America once had a major kelp industry based in Southern California.
During World War I, some 1,500 companies harvested towers of giant kelp, the world’s largest seaweed, from coastal beds between San Diego and Eureka to provide potash for gunpowder. Most shut down when their contracts expired after the war.
Soon after, the nation’s largest kelp company, known as Kelco, began operating ocean-going barges that cut and collected hundreds of tons of giant kelp each day off San Diego. A factory in the city’s Barrio Logan neighborhood processed it for food additives, pharmaceuticals, chemicals and other industries.
Others saw even greater possibilities.
Energy activists pushed seaweed as a renewable source of biofuel to ease America’s reliance on imported oil. The idea was to ferment kelp to generate methane, or process it to produce ethanol, as is done with corn and sugar cane.
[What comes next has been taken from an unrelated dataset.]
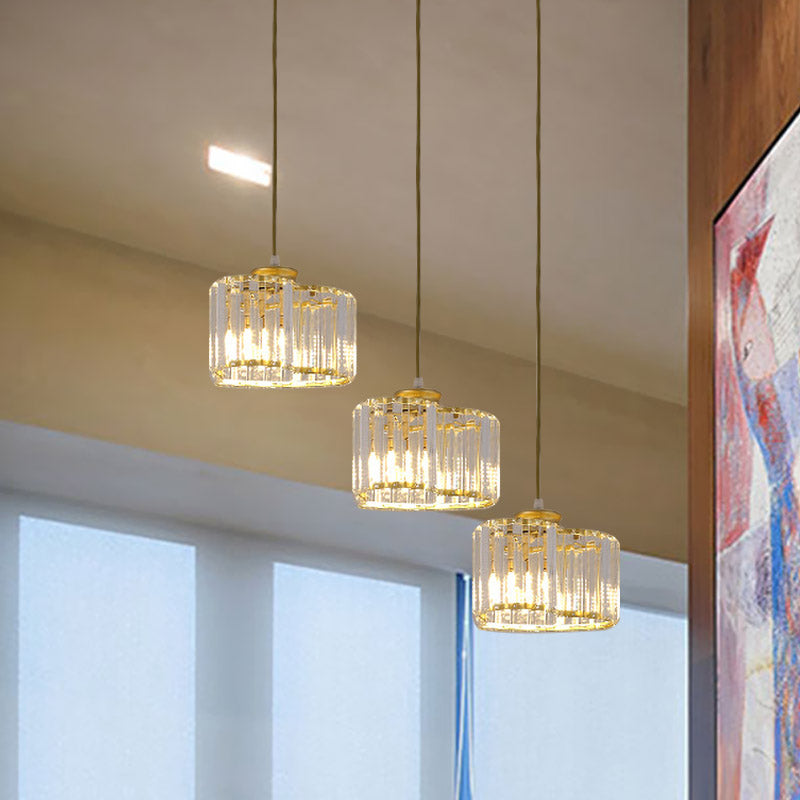 Modernism Heart Cluster Pendant 3 Heads Clear Crystal Block Suspension Lighting in Gold for Restaurant Clearhalo 'Ceiling Lights' 'Modern Pendants' 'Modern' 'Pendant Lights' 'Pendants' Lighting' 875155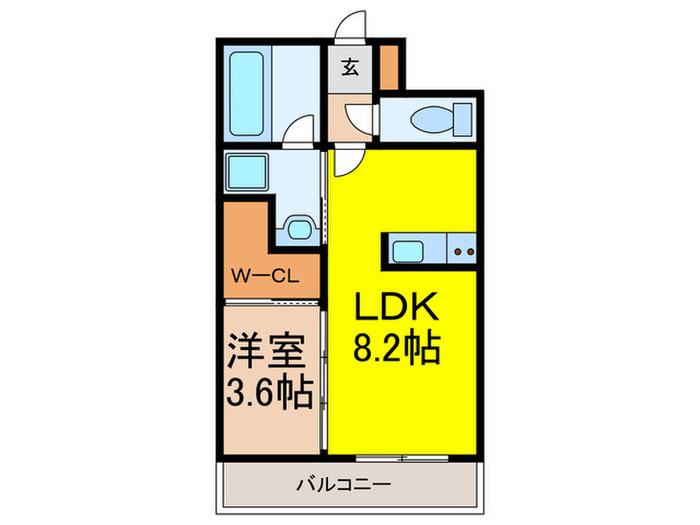 NOVANTA宝塚(1LDK/5階)の間取り写真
But the marine biofuel industry never proved viable. Nor did proposals to create vast mid-ocean rafts of floating kelp to soak up greenhouse gases. ISP Alginates closed its Kelco plant in San Diego in 2005 and moved the operation to Scotland, rather than meet California’s environmental regulations.
Today, only a handful of smaller U.S. companies harvest seaweed. Those in California chiefly provide feed for abalone farms. Those in Maine mostly supply fertilizer, livestock feed and dietary supplements.
“People who eat dried seaweed are pretty dedicated to it,” said Ellen Andrews, marketing manager for Maine Coast Sea Vegetables, which sells powdered seaweed and Kelp Krunch Bars to natural food stores and health clinics. “It’s very healthy.”
Some fans extol kelp’s supposed ability to combat everything from cancer and HIV infections to radiation poisoning and high blood pressure. Scientists say those claims are unproven at best.
“It’s a mineral supplement, not a miracle food,” said John Pease, professor emeritus of biology at UC Santa Cruz.
Olson, 53, founded his kelp farm after working as a treasure hunter, commercial fisherman and mussel grower. Dobbins, 45, was general manager of a bio-tech company before he heard Olson pitch kelp at a local supermarket.
“I see this as a potential way to create a whole new fishery in Maine,” said Dobbins.
He said they have invested about $300,000 so far. “We’re still losing our shirts,” he added.
Whether Americans will buy frozen kelp from the grocer as readily as frozen spinach remains to be seen. Rebranding may be the key.
“When you hear the term seaweed, you don’t have a positive reaction,” Yarish said. “You think about all that slimy crap on the beach and say, ‘Get it away from me.’ That’s why I like to say sea vegetable. It sounds much nicer.”